Leave out every line before the one containing "Hotel Rüdesheimer Hof", and set down that line and the rest through the end of the listing exactly.

### Data block:
* * *
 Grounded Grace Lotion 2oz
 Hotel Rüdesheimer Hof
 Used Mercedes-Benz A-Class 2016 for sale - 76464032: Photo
* * *
### Solution to the exercise:
 Hotel Rüdesheimer Hof
 Used Mercedes-Benz A-Class 2016 for sale - 76464032: Photo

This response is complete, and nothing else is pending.